The Family Provision Act varies slightly across the different Australian states and territories. However, the underlying principle remains the same – to provide a mechanism for eligible individuals to seek provision from the estate of a deceased person if they have not been adequately provided for. In other (simpler) words, the purpose of the Act is to ensure the relevant parties receive a fair and reasonable proportion of the estate.

The Act can account for circumstances of suspected undue influence, where there are concerns that the deceased person was coerced into writing their Will in a particular way (yikes). It can also come into play in the event that a person has died without a valid Will, leaving their estate to be distributed according to the rules of intestacy.

Eligibility for Family Provision

Family provision acts as a pathway for those with a close relationship, including family members and dependents, to claim further provision of the deceased person’s estate. It doesn’t mean that your third cousin’s dog’s aunt twice-removed can contest the estate, but some people that can bring a claim include:

  • A surviving husband or wife, spouse or de facto partner of the deceased
  • Biological and adopted children, as well as step-children or grandchildren who were dependent on the deceased
  • A former spouse
  • A person who was living with the deceased and in a close personal relationship with them at the time of their death
  • Any person who was wholly or partially dependent on the deceased at the time of their death, such as a parent or sibling

As a general rule, those with a close personal relationship who are inadequately provided for by the deceased’s estate represent an eligible person. However, unless the claim is brought by a spouse, de facto or children, the claimant must show evidence that will convince the court that they should’ve been included or provided for in the Will.

Ruling on Family Provision

When a family provision claim is brought against the deceased estate, the court must also consider various factors when deciding on the amount of provision (if any) to be made.
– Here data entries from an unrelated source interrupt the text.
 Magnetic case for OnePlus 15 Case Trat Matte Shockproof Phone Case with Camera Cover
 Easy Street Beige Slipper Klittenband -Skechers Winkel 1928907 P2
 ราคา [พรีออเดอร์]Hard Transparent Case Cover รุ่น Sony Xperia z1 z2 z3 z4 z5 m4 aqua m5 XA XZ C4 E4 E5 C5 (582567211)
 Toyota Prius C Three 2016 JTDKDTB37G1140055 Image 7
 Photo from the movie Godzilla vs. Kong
These factors can include:

  • The nature and duration of the relationship between the claimant and the deceased person
  • The size of the deceased estate and nature of the contained assets
  • The extent of any obligations or responsibilities of the deceased toward the claimant
  • The financial resources and financial needs of the claimant
  • The financial circumstances of any person living with the claimant
  • Other characteristics of the claimant, including their age and whether they have any physical, intellectual or mental disability (as well as their general character and conduct)
  • Evidence of testamentary intention of the deceased and general validity of the Will in question
  • Any previous provision made by the deceased for the claimant
  • Contributions by the claimant to building up the estate

In deciding whether or not to grant family provision when someone has died intestate, the court will also consider the needs of other potential beneficiaries and any moral obligations the deceased may have had. Ultimately, for a family provision to be successful, the eligible person needs to demonstrate their needs are not met under the deceased’s current estate distribution. Other factors, such as dependency from disability, can serve as grounds for additional provision.
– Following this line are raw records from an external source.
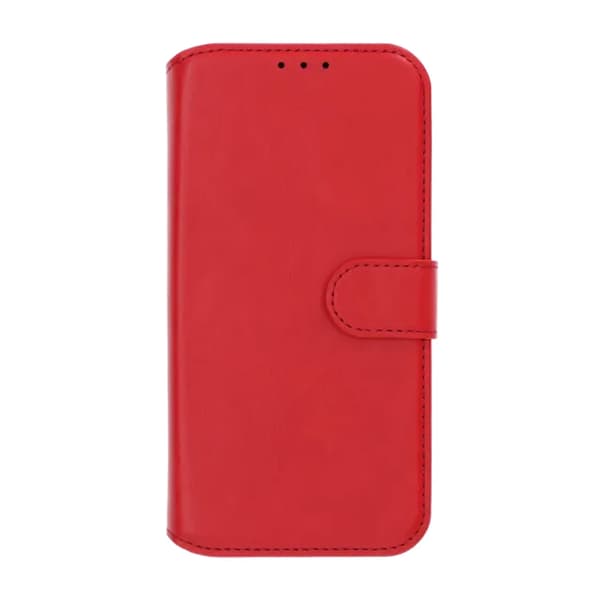 Rvelon Wallet Case Magnet for iPhone 17 - Red Röd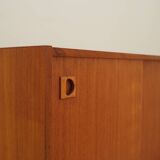 Armoire en teck, design danois, années 1970, production : Danemark
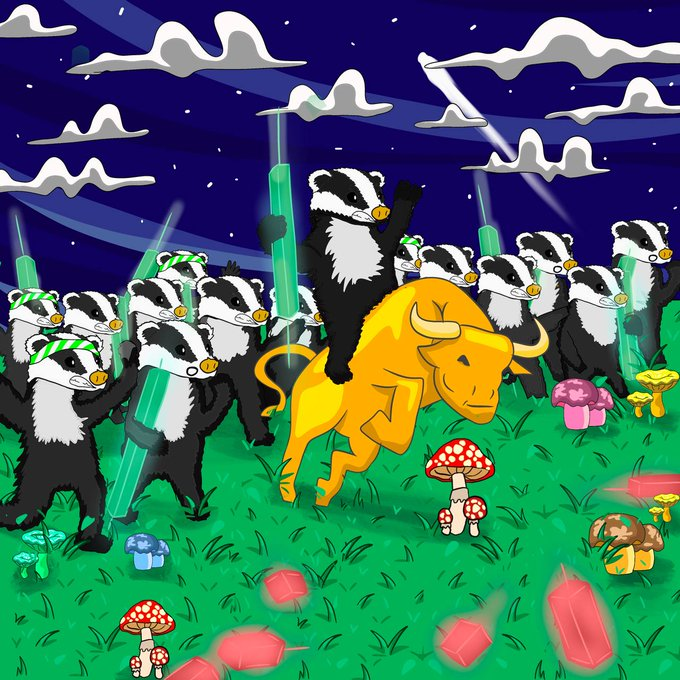 Space badgers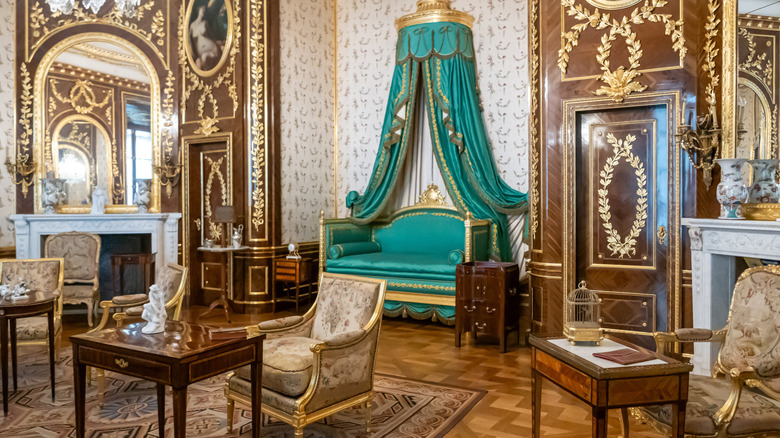L'élégant intérieur du château royal de Varsovie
Examples of Matters Considered Under The Act

  • A Will-maker has a sizable estate and leaves the majority of it to a charity, with only a negligible amount left to their adult children who are in financial need. In this matter, the court may find that the deceased’s estate fails to adequately provide for the children and so it can grant the family provision based on the extent of their needs.
  • A Will-maker leaves a significant amount of their estate to one child, but completely excludes another child with whom they have a close relationship and who is in financial need. The court may find that the exclusion is unfair and may grant family provision to the excluded child.
  • A Will-maker leaves their entire estate to their second spouse, excluding children from their previous marriage. Finding that the children should have been provided for, the court may make family provision under the Act.

Wrap Up

Family provision is the most common cause for changes to a Will in the Supreme Court, despite that only a small portion of Wills are challenged on this basis. Even so, family provision claims serve as a tool to support certain family members who may have been overlooked, and can have a significant impact on how assets are distributed or redistributed.

Take the above considerations into account when writing your Will – they may help you think about structuring your assets in such a way as to minimise the opportunity for any contestation.

Disclaimer: The content of this blog is intended to provide a general guide to the subject matter. This blog should not be relied upon as legal, financial, accounting or tax advice.